Book Review: A Clockwork Orange by Anthony Burgess



It is a horrorshow story …’ Fifteen-year-old Alex likes lashings of ultra-violence. He and his gang of friends rob, kill and rape their way through a nightmarish future until the State puts a stop to his riotous excesses. But what will his re-education mean? A dystopian horror, a black comedy, an exploration of choice, A Clockwork Orange is also a work of exuberant invention which created a new language for its characters.

Rating: 4 stars

My Review:

Often claimed as one of the most disturbing books of this century, I would say “A Clockwork Orange” is rightly said to be so. This book depicts the exploits of a bunch of hooligan teenagers who let themselves out on a rampage; one that involves robbery, rape, and hyper-violence. Anthony Burgess’s novel could be termed a controversial form of a dystopian society.

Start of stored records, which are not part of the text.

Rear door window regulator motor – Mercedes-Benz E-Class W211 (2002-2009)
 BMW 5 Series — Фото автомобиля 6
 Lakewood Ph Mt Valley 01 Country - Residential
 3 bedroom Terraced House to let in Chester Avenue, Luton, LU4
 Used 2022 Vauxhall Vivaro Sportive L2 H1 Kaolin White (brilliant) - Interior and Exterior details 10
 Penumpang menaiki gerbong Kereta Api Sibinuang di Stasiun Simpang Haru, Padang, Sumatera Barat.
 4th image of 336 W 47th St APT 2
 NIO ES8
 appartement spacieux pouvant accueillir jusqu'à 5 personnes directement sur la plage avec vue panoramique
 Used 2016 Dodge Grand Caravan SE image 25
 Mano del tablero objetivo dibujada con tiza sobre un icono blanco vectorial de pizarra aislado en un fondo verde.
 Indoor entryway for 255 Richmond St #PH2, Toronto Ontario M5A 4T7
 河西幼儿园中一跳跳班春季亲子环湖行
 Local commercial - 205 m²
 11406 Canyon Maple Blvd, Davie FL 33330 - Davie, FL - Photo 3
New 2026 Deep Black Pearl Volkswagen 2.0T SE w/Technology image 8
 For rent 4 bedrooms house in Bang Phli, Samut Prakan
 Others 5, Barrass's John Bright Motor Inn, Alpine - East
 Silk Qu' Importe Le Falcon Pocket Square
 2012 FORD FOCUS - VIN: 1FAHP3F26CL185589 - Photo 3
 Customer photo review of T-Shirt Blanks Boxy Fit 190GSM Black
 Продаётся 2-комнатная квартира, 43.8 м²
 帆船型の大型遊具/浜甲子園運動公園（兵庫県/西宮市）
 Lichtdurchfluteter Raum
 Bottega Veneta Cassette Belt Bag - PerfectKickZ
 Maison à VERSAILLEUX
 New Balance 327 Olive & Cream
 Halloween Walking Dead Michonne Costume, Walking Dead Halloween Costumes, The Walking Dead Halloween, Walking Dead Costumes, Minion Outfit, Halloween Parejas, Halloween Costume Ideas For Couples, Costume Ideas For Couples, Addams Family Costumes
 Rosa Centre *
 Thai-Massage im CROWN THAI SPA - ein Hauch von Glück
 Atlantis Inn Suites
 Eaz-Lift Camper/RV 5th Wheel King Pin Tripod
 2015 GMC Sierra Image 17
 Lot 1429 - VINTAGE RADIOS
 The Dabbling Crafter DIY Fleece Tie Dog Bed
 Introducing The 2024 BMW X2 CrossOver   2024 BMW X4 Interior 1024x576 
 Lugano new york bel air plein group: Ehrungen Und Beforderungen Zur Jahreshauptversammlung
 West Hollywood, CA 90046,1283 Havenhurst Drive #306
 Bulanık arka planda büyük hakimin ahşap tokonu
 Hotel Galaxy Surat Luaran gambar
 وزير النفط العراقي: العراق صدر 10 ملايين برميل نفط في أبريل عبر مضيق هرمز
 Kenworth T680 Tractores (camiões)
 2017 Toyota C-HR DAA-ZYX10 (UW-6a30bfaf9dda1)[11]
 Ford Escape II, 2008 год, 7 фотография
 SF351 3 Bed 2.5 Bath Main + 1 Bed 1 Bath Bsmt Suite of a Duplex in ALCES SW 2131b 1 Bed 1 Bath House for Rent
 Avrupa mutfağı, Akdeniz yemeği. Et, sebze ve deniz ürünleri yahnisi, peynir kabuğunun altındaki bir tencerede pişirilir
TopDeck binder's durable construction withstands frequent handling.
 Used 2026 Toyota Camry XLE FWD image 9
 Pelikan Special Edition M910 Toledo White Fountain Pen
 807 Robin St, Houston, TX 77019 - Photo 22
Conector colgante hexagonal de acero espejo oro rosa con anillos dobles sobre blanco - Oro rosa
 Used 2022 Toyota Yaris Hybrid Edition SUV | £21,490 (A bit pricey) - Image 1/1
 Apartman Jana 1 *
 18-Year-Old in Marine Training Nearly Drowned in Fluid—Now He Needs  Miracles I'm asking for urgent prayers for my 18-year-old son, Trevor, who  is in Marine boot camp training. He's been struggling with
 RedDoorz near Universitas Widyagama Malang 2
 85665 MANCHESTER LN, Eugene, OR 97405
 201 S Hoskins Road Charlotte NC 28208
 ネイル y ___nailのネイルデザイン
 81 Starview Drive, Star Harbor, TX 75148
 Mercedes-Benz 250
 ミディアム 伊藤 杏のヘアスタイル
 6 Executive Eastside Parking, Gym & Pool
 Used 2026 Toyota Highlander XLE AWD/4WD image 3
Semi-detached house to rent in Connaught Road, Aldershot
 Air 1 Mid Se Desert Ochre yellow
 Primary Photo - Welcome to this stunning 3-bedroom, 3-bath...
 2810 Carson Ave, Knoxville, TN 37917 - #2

I would say dystopian because as we progress with the plot, there is simply way too much of dehumanizing that shakes you up to the very core of your existence.

Alex is our protagonist who is shown to be at the center of the storm when it comes to evil. Sometimes you tend to think of the moral compass or the lack of it in Alex as a central premise of the book. Through the three parts of the book, we explore a different period in Alex’s life. The first one is when we get introduced to Alex, his gang and the surroundings that he has grown up in. In the second and third section, Alex spends a considerable amount of time in prison, the “purification” that happens there and of course, the subsequent impact of it on him.

This book is a question of morality raised by the profound linguist that is Burgess. He wanted to time the book in the future and show how time had affected the language people spoke as well. Hence, he creates this language – Nadsat which is a difficult combination of English, Russian or gypsy and slang.

What worked well for me in this book is how Burgess managed to create a marvelous anti-hero in Alex. Despite the fact that he goes through some very unimaginably hard things in the later part of the book, you cannot empathize with him. And that’s where the genius of Burgess lies. He makes you detest Alex, hate him almost, not empathize with him but definitely, remember him through and through.